## WHAT THE TASK ASKS
I would like every record below transcribed exactly as it is.

(Stored entries)
•••••

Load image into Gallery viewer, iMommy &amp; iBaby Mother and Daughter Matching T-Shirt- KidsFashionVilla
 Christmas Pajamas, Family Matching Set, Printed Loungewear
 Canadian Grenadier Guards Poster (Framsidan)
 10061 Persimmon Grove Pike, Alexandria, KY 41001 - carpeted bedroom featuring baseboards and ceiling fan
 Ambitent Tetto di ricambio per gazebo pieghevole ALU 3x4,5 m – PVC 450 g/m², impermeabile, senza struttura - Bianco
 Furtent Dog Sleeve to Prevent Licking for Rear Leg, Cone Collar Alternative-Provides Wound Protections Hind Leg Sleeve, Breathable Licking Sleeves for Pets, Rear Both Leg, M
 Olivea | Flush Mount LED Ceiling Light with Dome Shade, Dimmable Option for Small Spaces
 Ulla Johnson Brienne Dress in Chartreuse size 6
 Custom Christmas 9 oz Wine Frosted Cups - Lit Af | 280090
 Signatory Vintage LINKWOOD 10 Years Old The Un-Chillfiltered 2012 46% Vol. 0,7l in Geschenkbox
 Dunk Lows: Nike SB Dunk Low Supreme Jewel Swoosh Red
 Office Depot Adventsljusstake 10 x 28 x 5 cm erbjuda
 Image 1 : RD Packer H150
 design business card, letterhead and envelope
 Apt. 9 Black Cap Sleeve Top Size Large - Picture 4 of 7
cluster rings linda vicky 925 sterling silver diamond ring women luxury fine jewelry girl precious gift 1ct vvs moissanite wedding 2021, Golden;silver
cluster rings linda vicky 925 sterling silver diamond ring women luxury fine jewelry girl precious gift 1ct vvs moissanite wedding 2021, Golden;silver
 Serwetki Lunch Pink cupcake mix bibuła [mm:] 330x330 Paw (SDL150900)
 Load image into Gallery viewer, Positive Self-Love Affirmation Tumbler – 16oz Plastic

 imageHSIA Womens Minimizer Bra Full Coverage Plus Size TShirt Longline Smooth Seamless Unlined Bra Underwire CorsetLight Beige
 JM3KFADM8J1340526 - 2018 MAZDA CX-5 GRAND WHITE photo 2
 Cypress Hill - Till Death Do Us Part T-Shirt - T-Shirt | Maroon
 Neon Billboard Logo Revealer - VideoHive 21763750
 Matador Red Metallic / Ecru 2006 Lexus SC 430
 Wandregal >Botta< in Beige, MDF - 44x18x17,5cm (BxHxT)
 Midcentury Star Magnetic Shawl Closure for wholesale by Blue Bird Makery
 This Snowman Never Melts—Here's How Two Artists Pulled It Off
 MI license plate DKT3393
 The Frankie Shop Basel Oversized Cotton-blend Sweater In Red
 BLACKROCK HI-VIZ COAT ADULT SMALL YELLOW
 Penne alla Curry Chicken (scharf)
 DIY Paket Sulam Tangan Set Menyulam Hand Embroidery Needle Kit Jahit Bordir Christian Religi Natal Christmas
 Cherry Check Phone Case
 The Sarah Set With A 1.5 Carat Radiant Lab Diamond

•••••

## RESPONSE TO THIS EXERCISE
Load image into Gallery viewer, iMommy &amp; iBaby Mother and Daughter Matching T-Shirt- KidsFashionVilla
 Christmas Pajamas, Family Matching Set, Printed Loungewear
 Canadian Grenadier Guards Poster (Framsidan)
 10061 Persimmon Grove Pike, Alexandria, KY 41001 - carpeted bedroom featuring baseboards and ceiling fan
 Ambitent Tetto di ricambio per gazebo pieghevole ALU 3x4,5 m – PVC 450 g/m², impermeabile, senza struttura - Bianco
 Furtent Dog Sleeve to Prevent Licking for Rear Leg, Cone Collar Alternative-Provides Wound Protections Hind Leg Sleeve, Breathable Licking Sleeves for Pets, Rear Both Leg, M
 Olivea | Flush Mount LED Ceiling Light with Dome Shade, Dimmable Option for Small Spaces
 Ulla Johnson Brienne Dress in Chartreuse size 6
 Custom Christmas 9 oz Wine Frosted Cups - Lit Af | 280090
 Signatory Vintage LINKWOOD 10 Years Old The Un-Chillfiltered 2012 46% Vol. 0,7l in Geschenkbox
 Dunk Lows: Nike SB Dunk Low Supreme Jewel Swoosh Red
 Office Depot Adventsljusstake 10 x 28 x 5 cm erbjuda
 Image 1 : RD Packer H150
 design business card, letterhead and envelope
 Apt. 9 Black Cap Sleeve Top Size Large - Picture 4 of 7
cluster rings linda vicky 925 sterling silver diamond ring women luxury fine jewelry girl precious gift 1ct vvs moissanite wedding 2021, Golden;silver
cluster rings linda vicky 925 sterling silver diamond ring women luxury fine jewelry girl precious gift 1ct vvs moissanite wedding 2021, Golden;silver
 Serwetki Lunch Pink cupcake mix bibuła [mm:] 330x330 Paw (SDL150900)
 Load image into Gallery viewer, Positive Self-Love Affirmation Tumbler – 16oz Plastic

 imageHSIA Womens Minimizer Bra Full Coverage Plus Size TShirt Longline Smooth Seamless Unlined Bra Underwire CorsetLight Beige
 JM3KFADM8J1340526 - 2018 MAZDA CX-5 GRAND WHITE photo 2
 Cypress Hill - Till Death Do Us Part T-Shirt - T-Shirt | Maroon
 Neon Billboard Logo Revealer - VideoHive 21763750
 Matador Red Metallic / Ecru 2006 Lexus SC 430
 Wandregal >Botta< in Beige, MDF - 44x18x17,5cm (BxHxT)
 Midcentury Star Magnetic Shawl Closure for wholesale by Blue Bird Makery
 This Snowman Never Melts—Here's How Two Artists Pulled It Off
 MI license plate DKT3393
 The Frankie Shop Basel Oversized Cotton-blend Sweater In Red
 BLACKROCK HI-VIZ COAT ADULT SMALL YELLOW
 Penne alla Curry Chicken (scharf)
 DIY Paket Sulam Tangan Set Menyulam Hand Embroidery Needle Kit Jahit Bordir Christian Religi Natal Christmas
 Cherry Check Phone Case
 The Sarah Set With A 1.5 Carat Radiant Lab Diamond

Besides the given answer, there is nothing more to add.